An example of applying MLE with 4 free parameters, using the grid search method.
For more info about the method used, see the notebook Inference_Notes.
This example (a test case) is based on a generic dataset of 10Be concentration vs. depth, which is drawn from a distribution with given "true" parameters.
This notebook has the following external dependencies:
In [1]:
import math
import numpy as np
import pandas as pd
import matplotlib.pyplot as plt
from scipy import stats
import seaborn as sns
%matplotlib inline
The mathematical model is available in the models
Python module (see the notebook Models)
In [2]:
import models
The dataset is generated using the following true parameter values
In [3]:
# the true parameters
true_erosion = 1e-3
true_exposure = 1e5
true_density = 2.0
true_inheritance = 0.
# depths and sample size
depth_minmax = [50, 500]
N = 30
# perturbations
err_magnitude = 20.
err_variability = 5.
The gendata
Python module is used to generate the dataset (see the notebook Datasets).
In [4]:
import gendata
profile_data = gendata.generate_dataset(
models.C_10Be,
[true_erosion, true_exposure, true_density, true_inheritance],
zlimits=depth_minmax,
n=N,
err=[err_magnitude, err_variability]
)
profile_data
Out[4]:
The dataset is stored as a :class:pandas.DataFrame
object.
The grid search method is implemented in the gridsearch
module (see the notebook Grid-Search for more info).
In [5]:
import gridsearch
Create a new object for setup and results
In [6]:
gstest = gridsearch.CosmogenicInferenceGC(description='test case')
Set the data
In [7]:
gstest.set_profile_measured(
profile_data['depth'].values,
profile_data['C'].values,
profile_data['std'].values,
None,
)
Set the model
In [8]:
gstest.set_profile_model(models.C_10Be)
Define the parameters to fit and their search ranges / steps. The order must be the same than the order of the arguments of the function used for the model!
In [9]:
gstest.set_parameter(
'erosion_rate',
[0., 3e-3, 70j],
stats.uniform(loc=0, scale=3e-3).pdf
)
gstest.set_parameter(
'exposure_time',
[0., 2e5, 70j],
stats.uniform(loc=0, scale=2e5).pdf
)
gstest.set_parameter(
'soil_density',
[1.8, 2.8, 60j],
stats.uniform(loc=1.8, scale=2.8).pdf
)
gstest.set_parameter(
'inheritance',
[0, 5e3, 60j],
stats.uniform(loc=0, scale=1e5).pdf
)
Grid search setup summary
In [10]:
print gstest.setup_summary()
Perform Maximum likelihood estimation on the search grid
In [11]:
gstest.compute_mle()
Get the MLE (i.e., the parameter values at the maximum likelihood), in the same order than the definition of the parameters
In [12]:
gstest.mle
Out[12]:
Plot the profile log-likelihood for each parameter. The blue lines represent the difference between the profile log-likelihood and the maximum log-likelihood, The intersections between the blue line and the black lines define the confidence intervals at the given confidence levels (based on the likelihood ratio test). The red lines indicate the true values.
In [13]:
%matplotlib inline
def plot_proflike1d(cobj, pname, clevels=[0.68, 0.95, 0.997],
true_val=None, ax=None):
p = cobj.parameters[pname]
pindex = cobj.parameters.keys().index(pname)

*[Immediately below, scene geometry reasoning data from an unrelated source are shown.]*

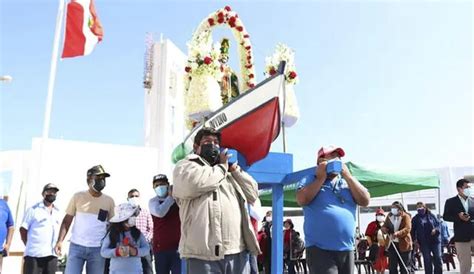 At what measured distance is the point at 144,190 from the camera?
20.5 m

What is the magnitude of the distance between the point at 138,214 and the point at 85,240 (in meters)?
0.63

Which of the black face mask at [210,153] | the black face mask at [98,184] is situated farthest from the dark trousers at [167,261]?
the black face mask at [210,153]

x = cobj.grid[pindex].flatten()
proflike = cobj.proflike1d[pindex]
if ax is None:
ax = plt.subplot(111)
difflike = proflike - cobj.maxlike
ax.plot(x, difflike, label='profile loglike')

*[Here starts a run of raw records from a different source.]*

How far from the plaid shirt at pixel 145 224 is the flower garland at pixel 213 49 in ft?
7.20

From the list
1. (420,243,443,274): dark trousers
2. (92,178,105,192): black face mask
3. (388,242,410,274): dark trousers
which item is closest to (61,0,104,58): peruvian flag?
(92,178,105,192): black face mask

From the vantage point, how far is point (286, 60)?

ccrit = gridsearch.profile_likelihood_crit(
cobj.proflike1d[pindex],
cobj.maxlike,
clevels=clevels
)
ccrit -= cobj.maxlike
for lev, cc in zip(clevels, ccrit):
l = ax.axhline(cc, color='k')
hpos = x.min() + (x.max() + x.min()) * 0.05
ax.text(hpos, cc, str(lev * 100),
size=9, color = l.get_color(),
ha="center", va="center",
bbox=dict(ec='1',fc='1'))
if true_val is not None:
ax.axvline(true_val, color='r')
plt.setp(ax, xlabel=pname,
ylabel='profile log-like - max log-like',
xlim=p['range'][0:2],
ylim=[ccrit[-1], 0.])
def plot_proflike1d_all(cobj, n_subplot_cols=2, **kwargs):
true_vals = [true_erosion, true_exposure,
true_density, true_inheritance]
n_subplots = len(cobj.parameters)
n_subplot_rows = int(math.ceil(1. *
n_subplots /
n_subplot_cols))
fig, aax = plt.subplots(nrows=n_subplot_rows,
ncols=n_subplot_cols,
**kwargs)
axes = aax.flatten()
fig.text(0.5, 0.975,
"Profile log-like: " + cobj.description,
horizontalalignment='center',
verticalalignment='top')
for i, pname in enumerate(cobj.parameters.keys()):
ax = axes[i]
plot_proflike1d(cobj, pname,
true_val=true_vals[i],
ax=ax)
plt.tight_layout()
plt.subplots_adjust(top=0.93)
plot_proflike1d_all(gstest, figsize=(8, 6))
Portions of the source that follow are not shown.